MATERIAL FOR THIS TASK START

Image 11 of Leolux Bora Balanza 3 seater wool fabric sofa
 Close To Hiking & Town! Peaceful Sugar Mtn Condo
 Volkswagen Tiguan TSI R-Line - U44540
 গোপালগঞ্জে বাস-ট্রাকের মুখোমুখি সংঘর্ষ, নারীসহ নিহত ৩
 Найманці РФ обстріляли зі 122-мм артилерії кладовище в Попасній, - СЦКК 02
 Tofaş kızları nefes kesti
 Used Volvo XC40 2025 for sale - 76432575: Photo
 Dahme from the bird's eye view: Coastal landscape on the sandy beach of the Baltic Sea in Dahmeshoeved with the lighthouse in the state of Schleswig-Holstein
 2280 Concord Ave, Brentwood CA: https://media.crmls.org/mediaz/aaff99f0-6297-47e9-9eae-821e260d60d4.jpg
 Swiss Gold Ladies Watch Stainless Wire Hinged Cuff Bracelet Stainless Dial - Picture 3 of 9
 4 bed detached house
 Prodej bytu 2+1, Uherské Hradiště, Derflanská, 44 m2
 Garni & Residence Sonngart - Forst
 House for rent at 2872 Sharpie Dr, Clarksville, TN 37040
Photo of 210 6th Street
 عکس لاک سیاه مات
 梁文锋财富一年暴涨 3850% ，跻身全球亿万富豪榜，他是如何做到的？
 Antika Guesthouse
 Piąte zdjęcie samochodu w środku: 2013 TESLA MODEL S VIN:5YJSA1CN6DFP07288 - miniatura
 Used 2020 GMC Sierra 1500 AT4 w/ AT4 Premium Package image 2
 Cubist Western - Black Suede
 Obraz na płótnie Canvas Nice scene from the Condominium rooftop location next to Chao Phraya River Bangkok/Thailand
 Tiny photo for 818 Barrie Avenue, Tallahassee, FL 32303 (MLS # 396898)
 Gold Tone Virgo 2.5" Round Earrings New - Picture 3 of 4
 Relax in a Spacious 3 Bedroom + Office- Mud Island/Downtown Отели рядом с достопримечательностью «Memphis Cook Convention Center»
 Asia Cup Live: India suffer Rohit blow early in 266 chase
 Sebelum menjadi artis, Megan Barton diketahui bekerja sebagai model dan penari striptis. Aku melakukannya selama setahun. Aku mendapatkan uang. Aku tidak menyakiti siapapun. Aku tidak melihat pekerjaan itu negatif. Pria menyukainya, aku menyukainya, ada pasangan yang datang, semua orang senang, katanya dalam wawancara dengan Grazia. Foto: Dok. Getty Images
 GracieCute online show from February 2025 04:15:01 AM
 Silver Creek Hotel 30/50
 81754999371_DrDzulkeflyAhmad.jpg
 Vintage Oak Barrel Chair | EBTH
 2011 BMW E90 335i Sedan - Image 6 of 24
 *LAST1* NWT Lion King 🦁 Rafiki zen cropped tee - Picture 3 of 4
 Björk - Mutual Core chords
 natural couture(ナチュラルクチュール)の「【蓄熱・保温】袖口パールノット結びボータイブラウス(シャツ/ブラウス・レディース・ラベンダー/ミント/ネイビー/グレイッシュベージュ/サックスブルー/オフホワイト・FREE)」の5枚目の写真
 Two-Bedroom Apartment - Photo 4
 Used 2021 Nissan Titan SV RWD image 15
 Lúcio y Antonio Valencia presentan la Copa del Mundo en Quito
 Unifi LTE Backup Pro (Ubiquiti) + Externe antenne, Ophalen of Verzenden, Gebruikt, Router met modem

MATERIAL FOR THIS TASK END

- **TO DO**
The response must consist solely of the lines from the top of the records through the line holding "Tofaş kızları nefes kesti", copied word for word.

- **EXERCISE RESPONSE**
Image 11 of Leolux Bora Balanza 3 seater wool fabric sofa
 Close To Hiking & Town! Peaceful Sugar Mtn Condo
 Volkswagen Tiguan TSI R-Line - U44540
 গোপালগঞ্জে বাস-ট্রাকের মুখোমুখি সংঘর্ষ, নারীসহ নিহত ৩
 Найманці РФ обстріляли зі 122-мм артилерії кладовище в Попасній, - СЦКК 02
 Tofaş kızları nefes kesti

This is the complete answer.